- The Washington Times - Friday, January 24, 2003

The great schism in the entertainment industry between film and music makers may ultimately help to preserve consumer rights. Hollywood is employing its familiar strategy, by lobbying for a new law that would require technology makers to sell only products that prevent the copying of movies and other content. The recording industry, meanwhile, is breaking ranks with its traditional ally and taking a savvier approach. Record labels are countering technologically sophisticated piracy with a technological innovation of their own making CDs more bootleg-proof. The recording studios' departure from this alliance could prevent Hollywood from finding refuge in government intervention and benefit technology consumers.
Last week, major recording companies said they have asked Microsoft to find ways to make their CDs less susceptible to copying. Also, computer makers and software companies have agreed with music labels to prevent their technology from being used to copy music. The movie studios, meanwhile, are backing a bill, introduced by Sen. Ernest Hollings last year, which would require computer software and hardware makers to sell only products that have copy-restriction technology. The bill is far too draconian, and, if passed, could prevent consumers from engaging in legal activities, such as making a music mix from their own CDs. The studios just may have the deep-pocketed political sway to make the Hollings proposal a new law but maybe not.

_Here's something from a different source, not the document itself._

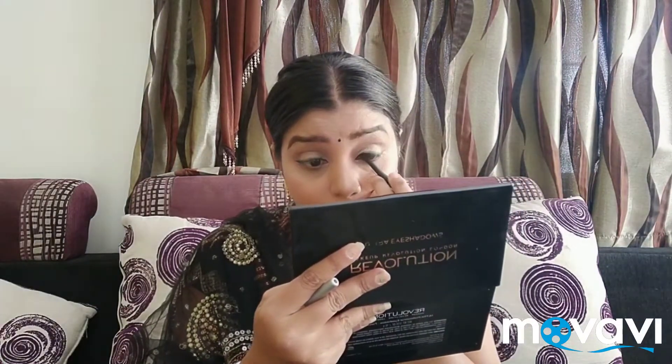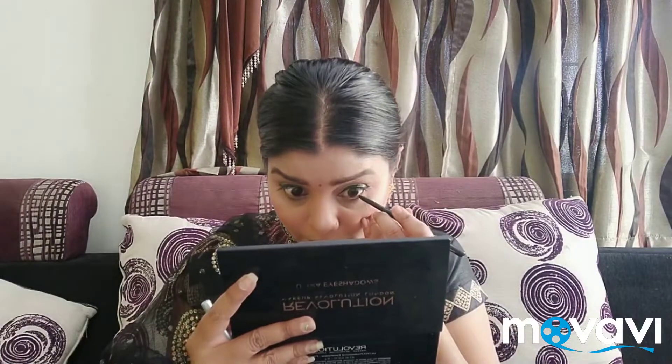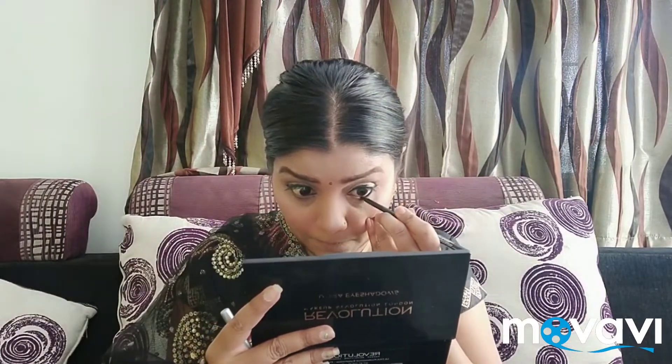Now apply the winged liner. Run a thick type — start with a thick stroke. It is thick and very good. I will use a daily streak. I will use black eyeshadow. It is thick and smokey — thick dark black.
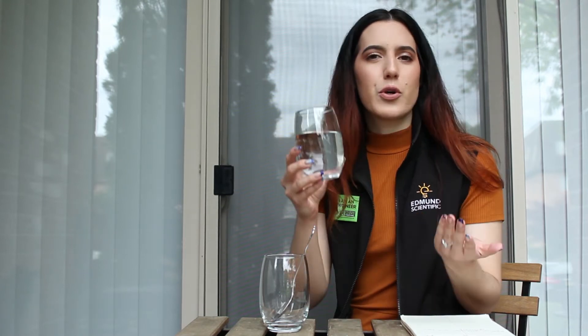For today's experiment, what you'll need is a glass — it can be a cup or a jar, as long as it's round and transparent — and water. You can fill the cup halfway; this is about two-thirds full depending on the size of your vessel. And a spoon. I have a metal spoon, though plastic works as well, as long as it's not clear because then it becomes hard to see.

Their campaign has certainly been hurt by the recording labels' public announcement that they will not support the bill.
The music industry knows that trying to counter technological innovation through the courts can be a losing battle. Although the industry succeeded in getting the courts to shut down the music-sharing Napster Web site, music file-sharing Web sites have since proliferated. And it is next to impossible to shut down these sites, since, unlike Napster, they have no centralized server.
The movie industry should rethink its piracy woes, too, by seeking free-market solutions. The industry has plenty of time to readapt, since only 10 percent of the population are plugged into the broadband service that makes movie downloads pragmatic. But broadband's day will eventually come, and the film industry could reap benefits from it by charging a fee each time a clip or movie is downloaded. Internet surfers would have considerable incentive to download from a legitimate site, since they risk computer viruses every time they bootleg content on the Internet.
The movie industry has been short-sighted about the potential rewards of technological breakthroughs. "I say to you that the VCR is to the American film producer and the American public as the Boston strangler is to the woman home alone," Jack Valenti, president of the Motion Picture Association of America (MPAA), testified to Congress in 1982, while pushing to outlaw the VCR. The MPAA today sells about 70 million cassettes for rentals and 600 million cassettes for home viewing every year.
With the advent of the VCR, both industry and consumers clearly benefited. The film and music industries could revamp their distribution and pricing models to profit from the Internet. Policymakers should take their cue from music labels and give the free market and technological innovation a chance to evolve in protecting copyrights.